The prayer at the end is almost child-like in its longing and pleading for a renewed relationship with God. "Still, God, you are our Father", as if the person praying says, "Yes, yes, yes, we admit that we have been unfaithful and ungrateful, that our sin-sick souls have lost their ways, but please remember God, we come to you as your children. Can't you see how much we need you in our lives?"

Other aspects of this deep longing can be heard in this text by German poet, playwright and teacher Rudolf Otto Wiemer (1905-1998):

Let’s assume he is on his way, he of whom you spoke, God, when those prophetic men (whose startling names to learn we toiled in confirmation class) named him “Wonder-Counselor, God-Hero, Father-Forever, Prince of Peace”, when they spoke of “Bethlehem Ephrata” and cried out, “Surely, he has borne our griefs, for a bruised reed he will not break nor quench the dimly burning wick”.

Let’s assume he is on his way. Let’s further assume, God, that we are on your mind: this restlessly flickering star, amidst our constant questions of “Why”, amidst the gloom over the nations, where hourly the blind man listens in the direction of the door, hoping to let him in who is supposed to come in the Name of the Lord, not the legend, not softly falling flurries, not bogus cheerfulness, but himself.

God, if that is what you have in mind for us, if he comes from you, if the hiding place of his birth is not too far from the slums, not far from the bed of the ailing man who wordlessly counts out the present dull days on the calendar if all this is true, let him come.

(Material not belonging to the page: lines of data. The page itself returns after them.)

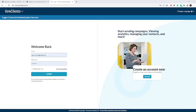Welcome. Today we're going to learn how to integrate Go4Clients with Contact Form 7, specifically to trigger an internal notification via email and an autoresponder via SMS to your lead. It's super easy, but I need to give you a little bit of background on WordPress first.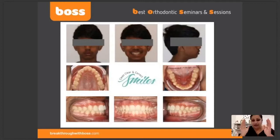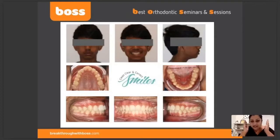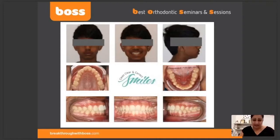Frontal smiling — that's a basic frontal smile. Now make sure if you look at these photographs, have a look at the extra oral photographs. Can you see the two ears? They're projecting equally. So we know we haven't taken a photo at an angle — it's actually projecting equally, so they're very symmetric photographs.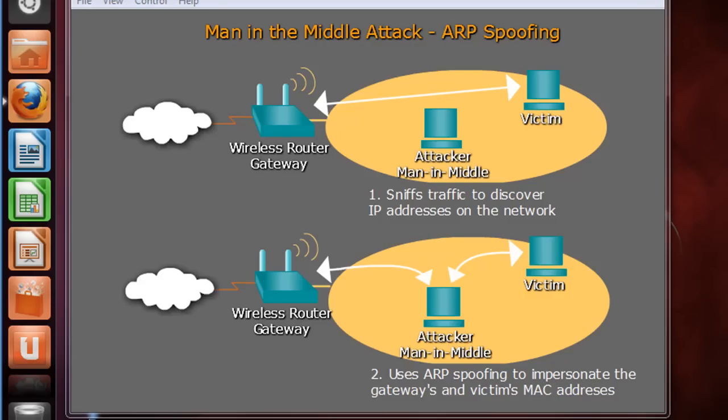Okay, this is going to be a quick demonstration of a man-in-the-middle attack of ARP spoofing.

Make him small, so he won’t overlook that which is small. Make him poor, homeless, and exposed to the coldness of the world. God, don’t keep him back in your heaven. Let him come.  (German text by Rudolf Otto Wiemer, 1967; English translation by Fritz Wendt, 1999)

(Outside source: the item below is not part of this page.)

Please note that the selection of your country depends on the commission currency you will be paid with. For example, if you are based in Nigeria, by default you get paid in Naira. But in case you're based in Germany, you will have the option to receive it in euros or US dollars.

Exposed to the coldness of the world:  According to Paul Krugman of the New York Times, between 1979 and 2005 the income of Americans in the middle of the income distribution rose 21 percent; at the same time, the equivalent number for the richest 0.1 percent rose 400 percent. As we leave "Black Friday" and "Cyber Monday" behind, we realize that as Advent people we are aliens in a world that in its appeal to greed looks even more pathetic now that more and more of us are worrying about being able to pay our bills. 

Last year, 46.2 million Americans lived below the poverty line. Living in a nation where many people are slipping backward in the wake of a downturn that left 14 million people out of work and pushed unemployment rates to levels not seen in decades, why is it so hard to see that the values of this world stem from a collective ego spinning out of control. "Make your ego porous," said Rilke, "Will is of little importance, complaining is nothing, fame is nothing. Openness, patience, receptivity, solitude is everything."

Even though he didn't specifically write this for Advent, Carl Daw's hymn comes to mind:

Faith begins by letting go, giving up what had seemed sure, taking risks and pressing on, though the way feels less secure: pilgrimage both right and odd, trusting all our life to God.

Faith endures by holding on, keeping mem’ry’s roots alive so that hope may bear its fruit; promise-fed, our souls will thrive, not through merit we possess but by God’s great faithfulness.

Faith matures by reaching out, stretching minds, enlarging hearts, sharing struggles, living prayer, binding up the broken parts; till we find the commonplace ripe with witness to God’s grace.